Treasury Secretary Scott Bessent revealed Thursday that the United States may soon waive sanctions on Iranian oil stranded on tankers in international waters, in what would represent a significant tactical shift in US energy and foreign policy. Bessent said the move is intended to ease an oil price crisis that has kept crude above $100 per barrel since Iran’s Hormuz blockade began.
The Strait of Hormuz closure has had severe consequences for global oil markets, with an estimated 10 to 14 million barrels per day taken off the market. The sustained price surge has triggered emergency response discussions in governments, international bodies, and energy markets around the world.
Bessent said approximately 140 million barrels of Iranian crude are sitting aboard tankers that had been heading toward Chinese customers. He described a potential sanctions waiver as a two-week supply bridge — a way to blunt the economic impact of Iran’s strategy while the US government’s broader campaign against the Hormuz blockade develops.
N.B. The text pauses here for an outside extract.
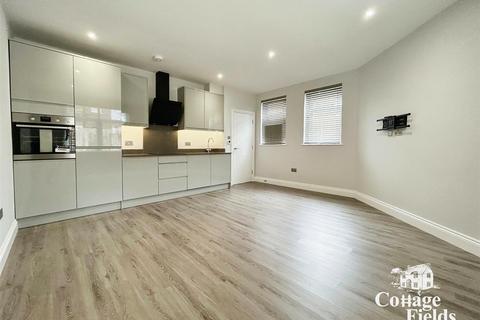 1 bedroom flat to rent, Lancaster Road, Enfield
Earlier in the crisis, a similar waiver for Russian oil added approximately 130 million barrels to global markets, providing the administration with a working template for the approach. Additional supply will also come from a unilateral US Strategic Petroleum Reserve release, supplementing the 400 million barrel coordinated G7 release already made.
National security and sanctions analysts raised red flags about the long-term implications. They noted that any revenue generated by Iran from oil sales, regardless of the waiver’s scope, would flow into the regime’s finances and could be directed toward military activities, weapons procurement, and support for regional proxy forces. Experts characterized the measure as tactically convenient but strategically problematic.